Give back every record exactly, with its pictures left out.

[[ Available data open ]]

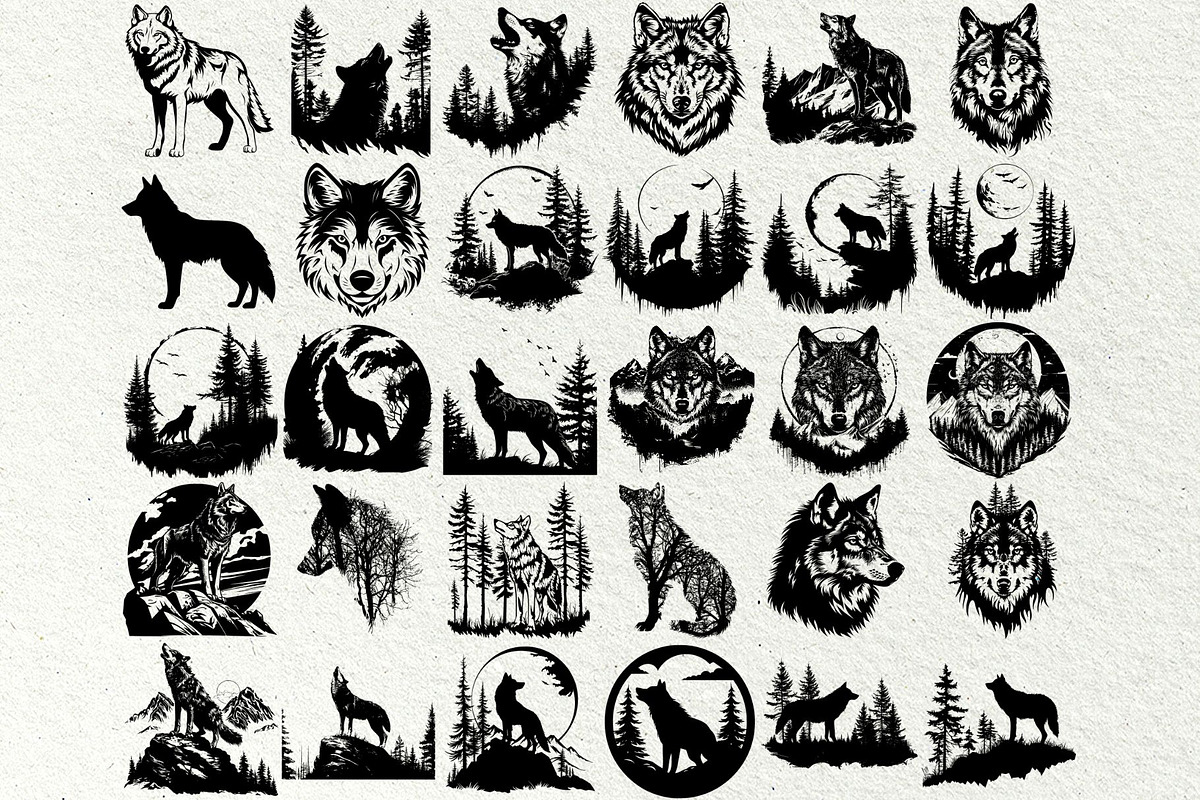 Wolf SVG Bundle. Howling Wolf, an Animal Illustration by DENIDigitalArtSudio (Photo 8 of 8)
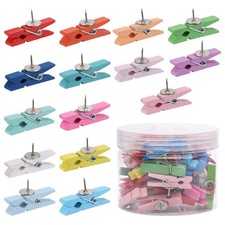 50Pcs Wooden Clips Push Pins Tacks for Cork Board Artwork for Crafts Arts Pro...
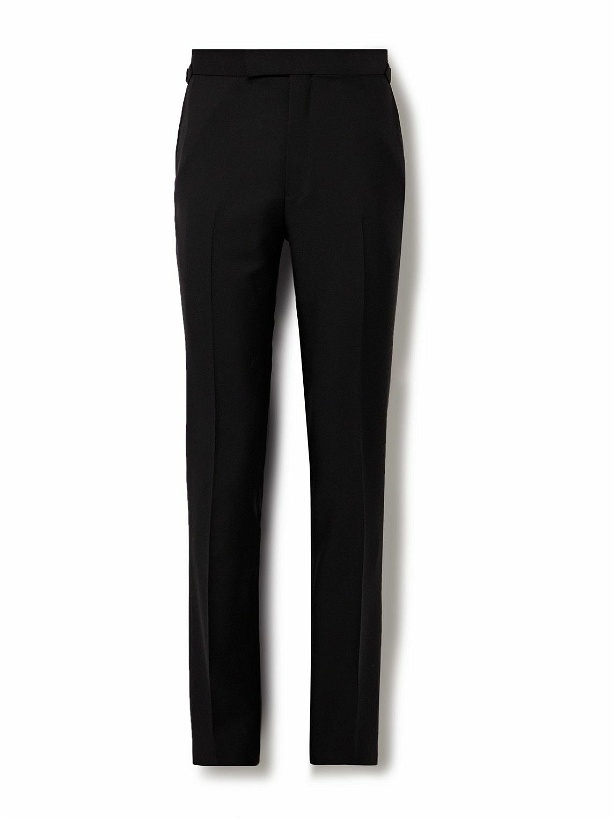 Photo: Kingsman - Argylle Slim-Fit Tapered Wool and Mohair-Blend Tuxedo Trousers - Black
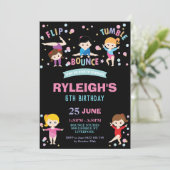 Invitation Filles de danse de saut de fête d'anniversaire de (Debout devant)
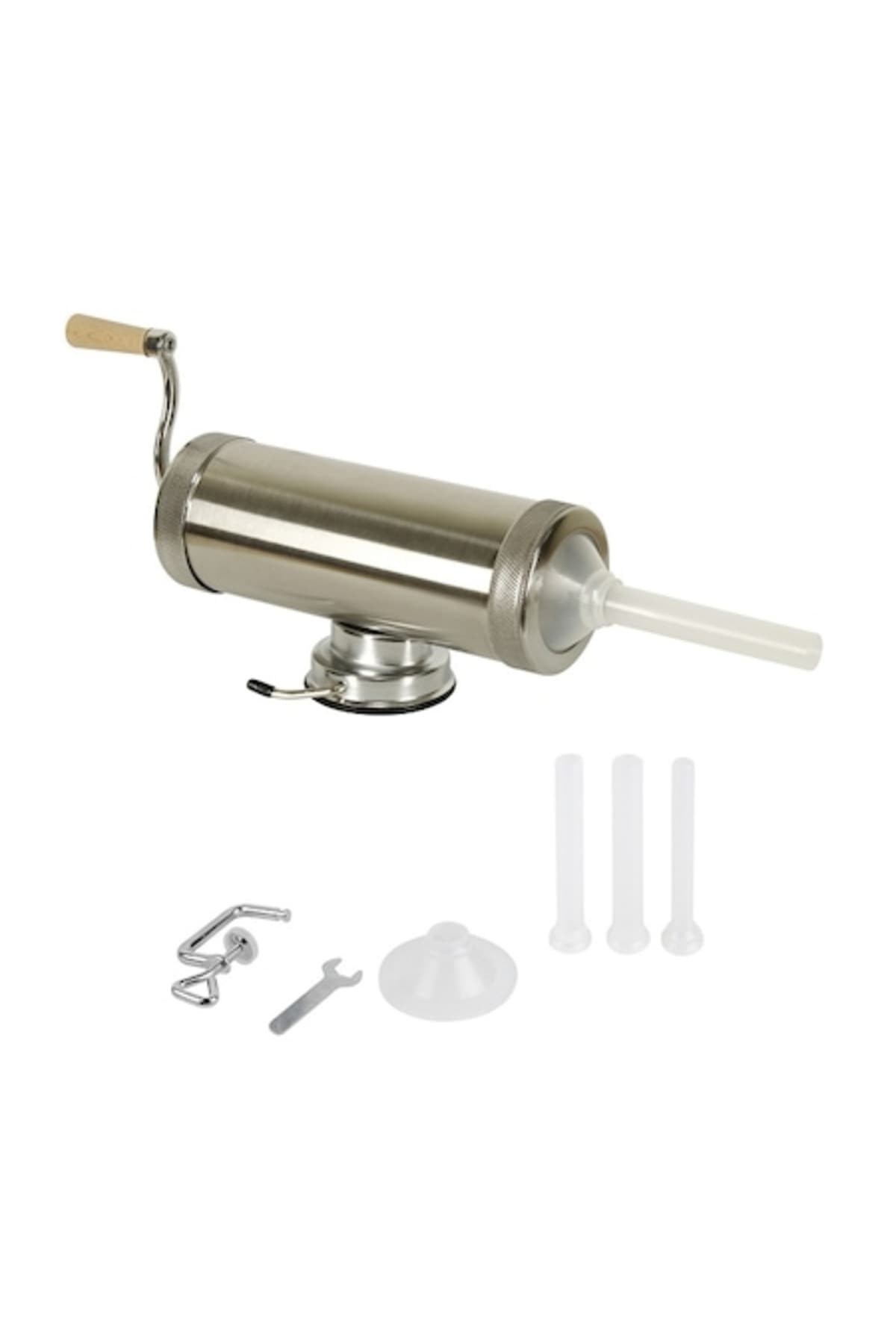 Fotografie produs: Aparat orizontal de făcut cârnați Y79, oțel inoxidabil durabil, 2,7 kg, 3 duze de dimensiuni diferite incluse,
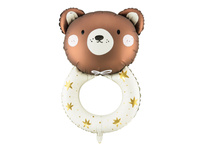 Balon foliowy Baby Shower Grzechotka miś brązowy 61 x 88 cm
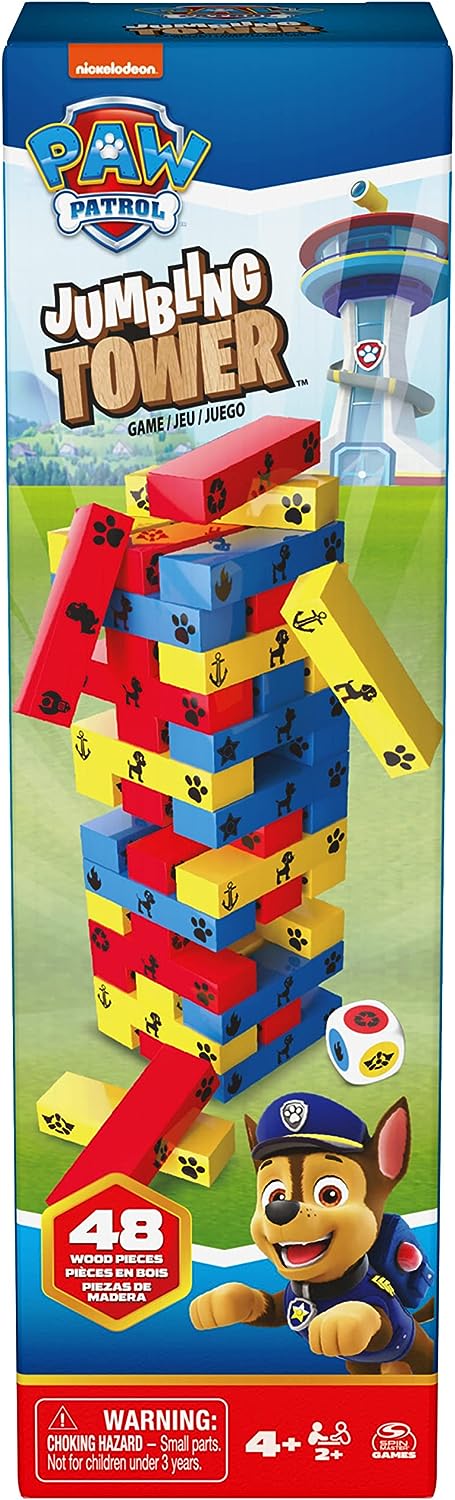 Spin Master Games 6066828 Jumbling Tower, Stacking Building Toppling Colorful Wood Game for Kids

[[ Available data closed ]]

### Answer section
 Wolf SVG Bundle. Howling Wolf, an Animal Illustration by DENIDigitalArtSudio (Photo 8 of 8)
 50Pcs Wooden Clips Push Pins Tacks for Cork Board Artwork for Crafts Arts Pro...
 Photo: Kingsman - Argylle Slim-Fit Tapered Wool and Mohair-Blend Tuxedo Trousers - Black
 Invitation Filles de danse de saut de fête d'anniversaire de (Debout devant)
 Fotografie produs: Aparat orizontal de făcut cârnați Y79, oțel inoxidabil durabil, 2,7 kg, 3 duze de dimensiuni diferite incluse,
 Balon foliowy Baby Shower Grzechotka miś brązowy 61 x 88 cm
 Spin Master Games 6066828 Jumbling Tower, Stacking Building Toppling Colorful Wood Game for Kids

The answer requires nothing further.